- RECORDS SUPPLIED:
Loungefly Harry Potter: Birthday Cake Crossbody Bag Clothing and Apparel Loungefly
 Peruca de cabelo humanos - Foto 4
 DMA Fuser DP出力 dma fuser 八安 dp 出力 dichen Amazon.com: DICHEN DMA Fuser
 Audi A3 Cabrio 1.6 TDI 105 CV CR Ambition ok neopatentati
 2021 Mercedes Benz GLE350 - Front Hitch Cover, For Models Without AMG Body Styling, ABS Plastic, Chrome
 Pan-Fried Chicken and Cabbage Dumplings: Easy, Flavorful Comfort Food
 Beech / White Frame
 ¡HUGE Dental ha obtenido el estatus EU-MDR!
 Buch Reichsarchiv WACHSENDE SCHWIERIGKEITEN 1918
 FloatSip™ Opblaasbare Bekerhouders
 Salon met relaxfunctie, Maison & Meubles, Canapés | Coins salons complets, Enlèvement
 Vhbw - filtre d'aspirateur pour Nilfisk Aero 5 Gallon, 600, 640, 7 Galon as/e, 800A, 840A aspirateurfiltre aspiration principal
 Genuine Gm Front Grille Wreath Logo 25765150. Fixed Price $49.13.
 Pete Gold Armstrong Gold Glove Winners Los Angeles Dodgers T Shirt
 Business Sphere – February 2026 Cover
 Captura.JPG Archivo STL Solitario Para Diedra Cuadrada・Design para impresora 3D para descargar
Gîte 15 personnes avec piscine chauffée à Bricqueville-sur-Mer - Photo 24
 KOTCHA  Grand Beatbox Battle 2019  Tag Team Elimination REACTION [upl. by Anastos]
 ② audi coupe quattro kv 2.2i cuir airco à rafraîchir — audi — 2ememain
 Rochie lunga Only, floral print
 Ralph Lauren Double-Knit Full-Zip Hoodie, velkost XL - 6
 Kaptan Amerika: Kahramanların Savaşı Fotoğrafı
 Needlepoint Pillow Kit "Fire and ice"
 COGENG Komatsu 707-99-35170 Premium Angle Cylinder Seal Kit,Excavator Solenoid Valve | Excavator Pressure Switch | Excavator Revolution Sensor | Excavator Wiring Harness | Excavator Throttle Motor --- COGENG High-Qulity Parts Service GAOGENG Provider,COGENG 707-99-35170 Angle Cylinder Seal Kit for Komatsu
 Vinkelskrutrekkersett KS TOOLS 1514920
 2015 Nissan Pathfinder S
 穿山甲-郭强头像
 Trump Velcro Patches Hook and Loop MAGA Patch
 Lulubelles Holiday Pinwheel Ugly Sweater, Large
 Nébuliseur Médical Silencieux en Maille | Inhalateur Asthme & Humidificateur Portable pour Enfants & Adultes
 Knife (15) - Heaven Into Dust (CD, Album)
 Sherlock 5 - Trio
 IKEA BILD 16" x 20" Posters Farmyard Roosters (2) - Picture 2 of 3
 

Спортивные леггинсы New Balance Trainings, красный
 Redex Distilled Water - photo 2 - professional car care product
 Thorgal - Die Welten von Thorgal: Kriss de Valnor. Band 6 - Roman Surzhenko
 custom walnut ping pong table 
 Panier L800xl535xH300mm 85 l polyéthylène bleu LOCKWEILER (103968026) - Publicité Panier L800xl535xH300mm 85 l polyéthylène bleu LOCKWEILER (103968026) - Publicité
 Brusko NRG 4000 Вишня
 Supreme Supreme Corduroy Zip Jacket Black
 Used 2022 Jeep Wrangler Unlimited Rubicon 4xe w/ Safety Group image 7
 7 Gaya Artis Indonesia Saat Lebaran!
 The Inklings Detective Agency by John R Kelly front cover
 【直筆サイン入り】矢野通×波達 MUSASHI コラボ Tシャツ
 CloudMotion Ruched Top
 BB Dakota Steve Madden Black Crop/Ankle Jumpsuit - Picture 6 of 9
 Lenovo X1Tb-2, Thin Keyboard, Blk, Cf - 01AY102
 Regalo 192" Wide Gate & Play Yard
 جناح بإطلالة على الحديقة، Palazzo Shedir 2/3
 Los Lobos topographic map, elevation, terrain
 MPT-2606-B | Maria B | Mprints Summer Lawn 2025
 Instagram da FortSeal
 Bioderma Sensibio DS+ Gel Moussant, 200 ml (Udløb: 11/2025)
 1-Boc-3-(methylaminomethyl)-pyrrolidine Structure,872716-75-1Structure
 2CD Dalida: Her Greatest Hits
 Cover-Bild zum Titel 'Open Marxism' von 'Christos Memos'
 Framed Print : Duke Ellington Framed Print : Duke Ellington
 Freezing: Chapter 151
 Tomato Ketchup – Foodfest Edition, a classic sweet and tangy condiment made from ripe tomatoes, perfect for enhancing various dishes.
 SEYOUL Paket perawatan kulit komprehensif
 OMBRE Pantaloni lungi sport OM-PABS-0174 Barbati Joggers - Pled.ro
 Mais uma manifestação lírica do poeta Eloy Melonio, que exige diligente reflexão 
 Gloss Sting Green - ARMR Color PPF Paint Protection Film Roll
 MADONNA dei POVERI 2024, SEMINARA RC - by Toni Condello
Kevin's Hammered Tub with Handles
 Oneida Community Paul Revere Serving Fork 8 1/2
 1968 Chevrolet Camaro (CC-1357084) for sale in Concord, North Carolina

- TASK OBJECTIVE: Produce a verbatim copy of the lines from the one holding "Cover-Bild zum Titel" to the final line of the data, and nothing more.

- ANSWER TO THE PROBLEM:
 Cover-Bild zum Titel 'Open Marxism' von 'Christos Memos'
 Framed Print : Duke Ellington Framed Print : Duke Ellington
 Freezing: Chapter 151
 Tomato Ketchup – Foodfest Edition, a classic sweet and tangy condiment made from ripe tomatoes, perfect for enhancing various dishes.
 SEYOUL Paket perawatan kulit komprehensif
 OMBRE Pantaloni lungi sport OM-PABS-0174 Barbati Joggers - Pled.ro
 Mais uma manifestação lírica do poeta Eloy Melonio, que exige diligente reflexão 
 Gloss Sting Green - ARMR Color PPF Paint Protection Film Roll
 MADONNA dei POVERI 2024, SEMINARA RC - by Toni Condello
Kevin's Hammered Tub with Handles
 Oneida Community Paul Revere Serving Fork 8 1/2
 1968 Chevrolet Camaro (CC-1357084) for sale in Concord, North Carolina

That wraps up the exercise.